Tepede kalan dağ kasabasına doğru ilerlerken arabanın çıkardığı ses dışında müthiş bir sessizlik vardı. Kimse konuşmuyordu. Konuşulacak ne vardı diye düşünüyordum bende. Leo'nun dirilebilme ihtimali yavaş yavaş beynime nüfuz etmeye başlarken kalbim de aynı şekilde hızlanmaya başlamıştı ve endişe etrafımı sarmıştı.
Elim çenemde kapıya yasladığım kolum uyuşmaya başlamıştı. Sessizliği bozan Eric olmuştu.
"Ne düşünüyorsun Lily?" dediğinde acı ve alayla gülmüştüm.

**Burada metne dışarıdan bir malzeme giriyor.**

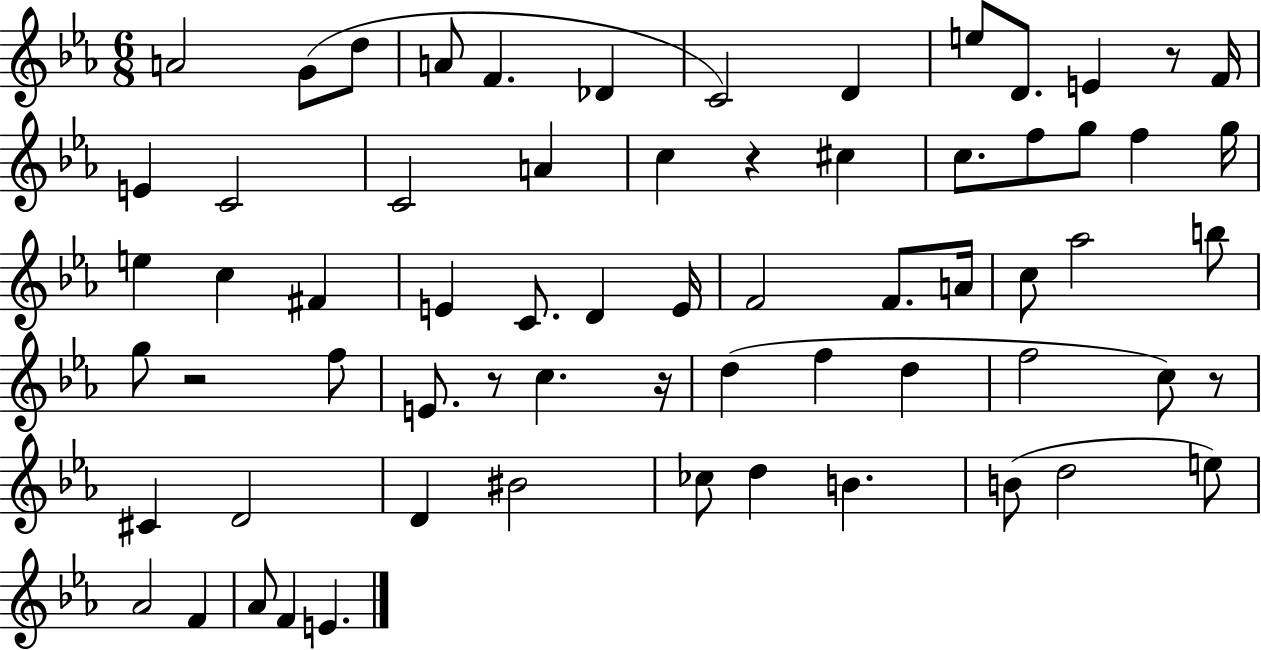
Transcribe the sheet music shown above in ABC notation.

X:1
T:Untitled
M:6/8
L:1/4
K:Eb
A2 G/2 d/2 A/2 F _D C2 D e/2 D/2 E z/2 F/4 E C2 C2 A c z ^c c/2 f/2 g/2 f g/4 e c ^F E C/2 D E/4 F2 F/2 A/4 c/2 _a2 b/2 g/2 z2 f/2 E/2 z/2 c z/4 d f d f2 c/2 z/2 ^C D2 D ^B2 _c/2 d B B/2 d2 e/2 _A2 F _A/2 F E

"Hiç bir şey." dedim ama aslında çok şey düşünüyordum.
"Eğer, o.. yani Leo yeniden hayata döndüyse ne yapacaksın?" diye sorduğunda sol omzumun üstünden ona baktım. Demeye çalıştığı şeyi düşündüm. En sonunda hayal kırıklığına uğramış gibi baktım ona.
"David'i bırakıp bırakmayacağımı mı soruyorsun?" dedim kaşlarım çatılı bir şekilde, sanki David yanımızda yokmuşcasına.

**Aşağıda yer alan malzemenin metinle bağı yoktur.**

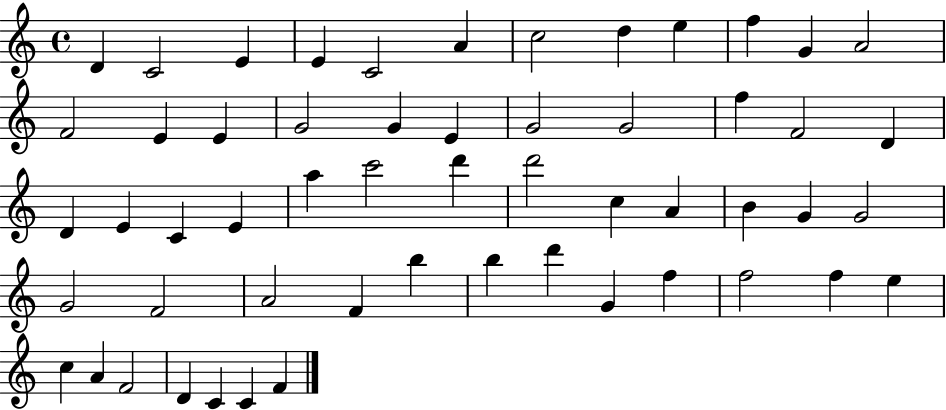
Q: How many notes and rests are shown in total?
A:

"Sonuçta o senin savaşçındı, yani o senin bir parçan gibiydi. Ve sana aşıktı."
Ben cevap vermeyip yolu izlemeye devam ederken David'in sinirlendiğini ve gerginliğini hissedebiliyordum. Daha doğrusu koklayabiliyordum.

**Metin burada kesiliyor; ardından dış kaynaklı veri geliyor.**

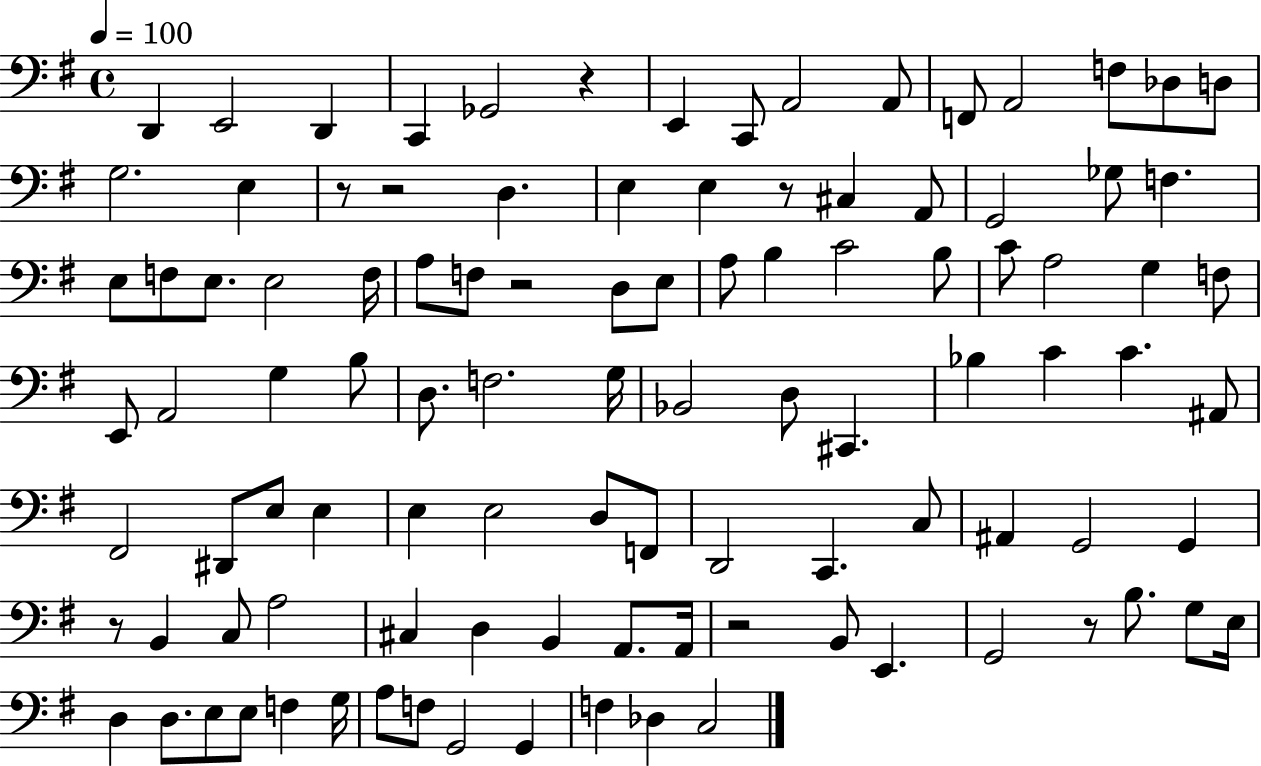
{
  \clef bass
  \time 4/4
  \defaultTimeSignature
  \key g \major
  \tempo 4 = 100
  d,4 e,2 d,4 | c,4 ges,2 r4 | e,4 c,8 a,2 a,8 | f,8 a,2 f8 des8 d8 | \break g2. e4 | r8 r2 d4. | e4 e4 r8 cis4 a,8 | g,2 ges8 f4. | \break e8 f8 e8. e2 f16 | a8 f8 r2 d8 e8 | a8 b4 c'2 b8 | c'8 a2 g4 f8 | \break e,8 a,2 g4 b8 | d8. f2. g16 | bes,2 d8 cis,4. | bes4 c'4 c'4. ais,8 | \break fis,2 dis,8 e8 e4 | e4 e2 d8 f,8 | d,2 c,4. c8 | ais,4 g,2 g,4 | \break r8 b,4 c8 a2 | cis4 d4 b,4 a,8. a,16 | r2 b,8 e,4. | g,2 r8 b8. g8 e16 | \break d4 d8. e8 e8 f4 g16 | a8 f8 g,2 g,4 | f4 des4 c2 | \bar "|."
}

Leo benim arkadaşımdı. En iyi arkadaşımdı. Ve evet bir parçamdı. Bundan fazlası olmamıştı. Bi aşkı paylaşmamıştık. Ama en özel sevgiyi paylaşmıştık. Arkadaşlık sevgisini. Onu seviyordum. Belki de şu an hayatımda olan herkesten fazla onu seviyordum. Ama hayır, bu sevgi aşk değildi ya da aşka giden yolda bir sevgi değildi. Bu daha çok anne veya babanızı sevmek gibi bir şeydi.
O ölünce bu değişmedi. Her geçen gün arttı. Yokluğu her geçen gün büyüdü. Belki de yalnız kalmak istememin sebebi buydu. Scott ve diğerlerinden belki de bu yüzden uzak kalmıştım. Peter'ın yaptıklarının farkına belki bu yüzden geç varmıştım. Belki de bu yüzden hala kim olduğum, neye dönüştüğüm konusunda tereddütlerim vardı.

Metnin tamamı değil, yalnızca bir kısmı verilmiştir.